* Brief: Only the lines below from the one containing "Arsenal vào chung" through the one containing "Honda CBR150R (Thailand Edition)" belong in the answer, repeated exactly and without pictures.
:: Exercise input
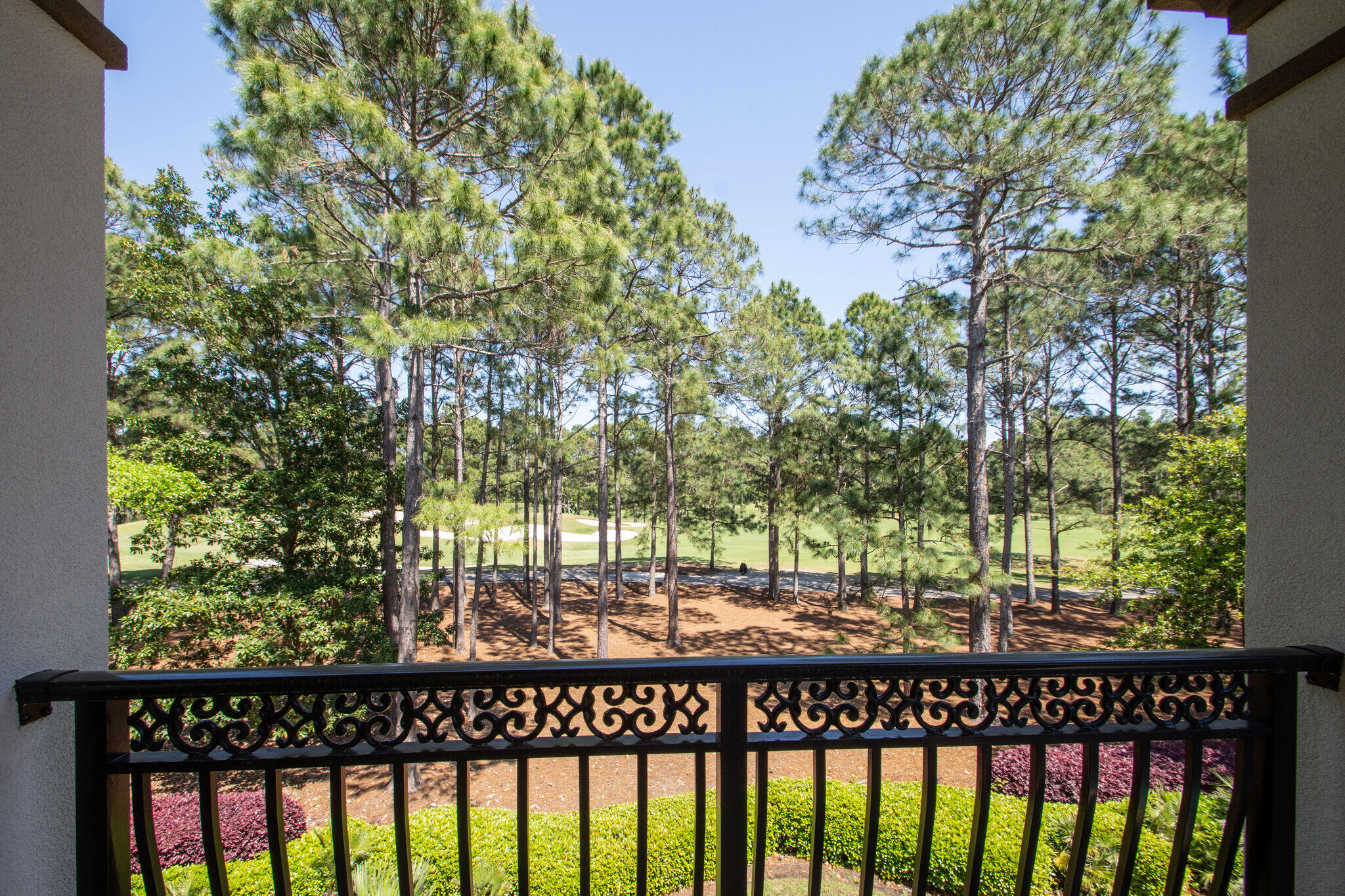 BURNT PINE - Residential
::::
:: Exercise input
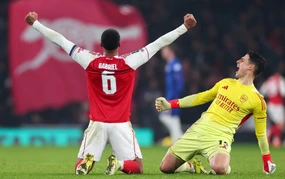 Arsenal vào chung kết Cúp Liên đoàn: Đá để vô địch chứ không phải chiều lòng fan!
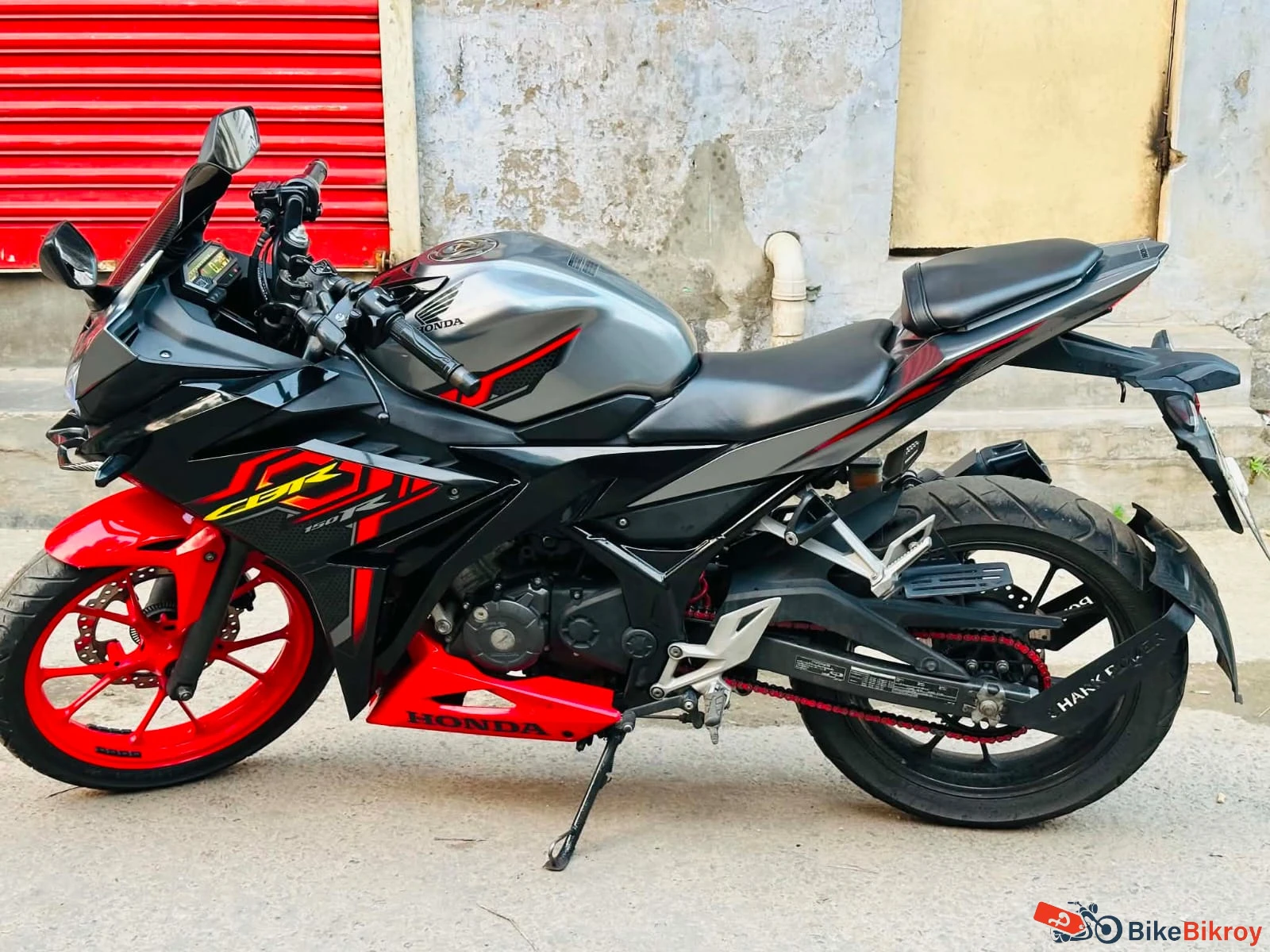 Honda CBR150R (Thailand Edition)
::::
* Task response:
 Arsenal vào chung kết Cúp Liên đoàn: Đá để vô địch chứ không phải chiều lòng fan!
 Honda CBR150R (Thailand Edition)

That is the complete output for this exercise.